Understanding a topology on real line

general-topology

In general topology by Wiilard, He mentioned in the exercises to the Looped line topology defines as follows: At each point $x$ of the real line other than the origin, the basic neighbourhoods of $x$ will be the usual open intervals centred at $x$. Basic neighbourhoods of the origin will be the sets: $(-\epsilon, \epsilon) \cup (-\infty, -n) \cup (n, \infty)$, for all possible choices $\epsilon > 0$ and $n \in \mathbb{N}$. If there is another that it mentions to Looped line topology?

Also, in, The looped line topology (Willard #4D), the user was asked to verify that the Looped line is a topology.

Done so far. I was able to see that it is $T_2$, compact, by using the definition. Also, it is metrizable since it is regular and second countable.

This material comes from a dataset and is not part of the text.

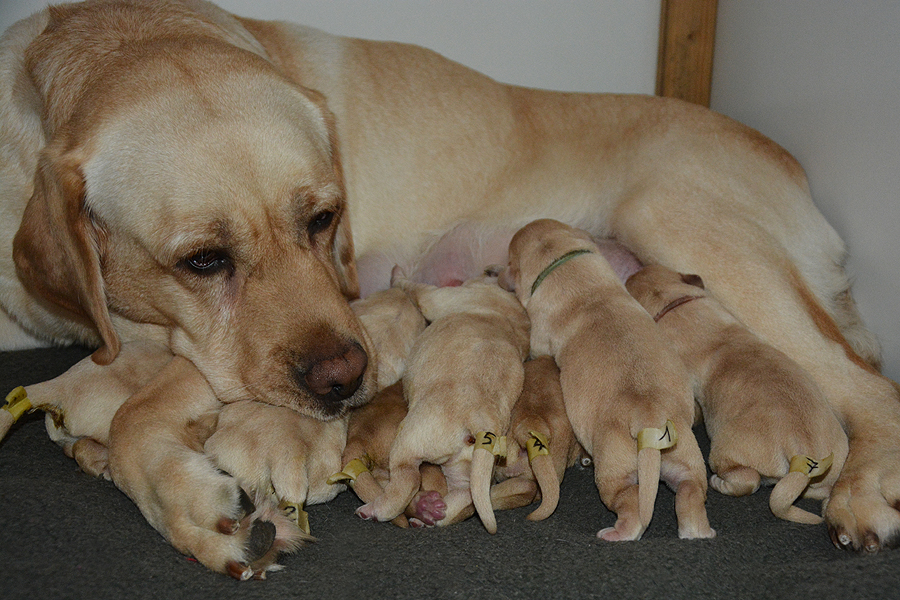 S-ll-Wurf  26.11.2021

Interested in. I would like to see the reason why it is homomorphic to extend topology on the real line, $[-\infty, \infty].$

Attempt. I was trying to send $-\infty$ and $\infty$ to $0$ and send other points to themself but I could not finish.

Any help?

Best Answer

Let $L$ be the image of the map $\beta: (-\pi,\pi) \to \Bbb R^2$, a "lemniscate", where $\beta(t)=(\sin 2t, \sin t)$, see this question for a picture. Define the map $f: \Bbb R \to L$ by $\beta(2\arctan(x))$ and note that this is continuous (reals in the usual topology), and 1-1.

Also let $Y = [-\infty,+\infty]{/}\{-\infty, +\infty,0\}$ in the quotient topology induced by the identification map $q: [-\infty,+\infty]$ that identifies the three points, and the extended reals have their standard topology with basic neighbourhoods $[-\infty, n), n \in \Bbb Z$ for the left end point and $(n,+\infty]$ for the right end point. We can extend $f$ to $\hat{f}: [-\infty,+\infty] \to L$ by defining $\hat{f}(\pm \infty) = 0$ as well, which is continuous and then $Y \simeq L$ as $q$ factorises through it.

There remains a simple verification that $L \simeq \Bbb R$ where the latter has this looped line topology. $f$ essentially becomes the homeomorphism.